A tornado-producing machine

Tonight at 8pm EDT, TWC will be airing a special program on the recent historic tornado outbreak, called "Twisters: Trail of Destruction." Here are some additional reflections on the three-day onslaught, and we'd be interested in yours via comments to this entry. Our thoughts are with those who have experienced the wrath of the atmosphere.


The outbreak on Thursday, Friday and Saturday, April 14-16, 2011 from Tushka, Oklahoma to Askewville, North Carolina left many memorable images. Here are a couple: this photo of schoolchildren looking out the window at a tornado in Clinton, Mississippi (why were they not taking shelter?), and a man sitting in his car and calmly observing as a vicious tornado races in his direction (those are not leaves as he says, they're pieces of buildings!).

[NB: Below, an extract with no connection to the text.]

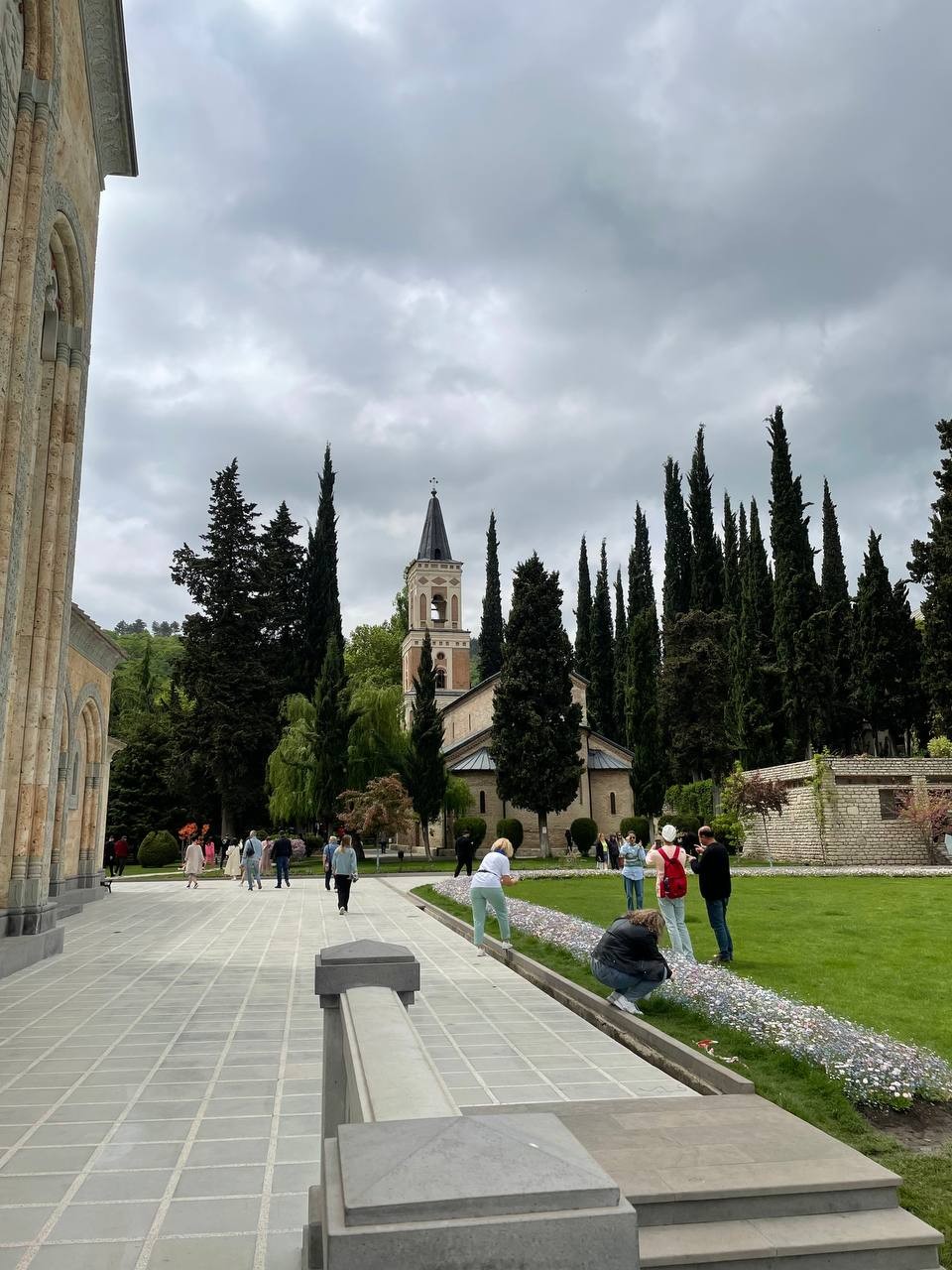 Отличная экскурсия. С нами был Заза - очень советую его как сопровождающего.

Source: http://yfrog.com/hsvctwhj


This outbreak didn't match the most intense one on record, the Superoutbreak of April 3-4, 1974. That produced numbers which no outbreak in recorded history before or since has come close to rivaling: of the 148 tornadoes within 24 hours, 30 were of at least F4 on the Fujita Scale (now known as the Enhanced Fujita Scale, with EF instead of F ratings), including six F5s.

What made the recent one so notable was the way it was so potent and tragic three days in a row, culminating in one of the deadliest tornado outbreaks in the history of North Carolina along with destruction that was extraordinarily widespread for that part of the country.

And what occurred meteorologically to result in that was the nature of a sharp dip in a strong jet stream, which took the shape of what meteorologists call a "negatively tilted trough," and how that plowed east like a machine, producing spinning, deadly tornadic supercells day after day.

This set of maps illustrates what I'm talking about. The way the dashed line representing the trough axis extends from northwest to southeast is the "negative tilt," as opposed to a positive tilt, which would be from northeast to southwest, or a neutral one, which is due north-south. All kinds of troughs can be associated with thunderstorm outbreaks, snowstorms, and other hazardous weather, but on average the negative tilts tend to have a little extra oomph, and this was an exceptionally strong and persistent one.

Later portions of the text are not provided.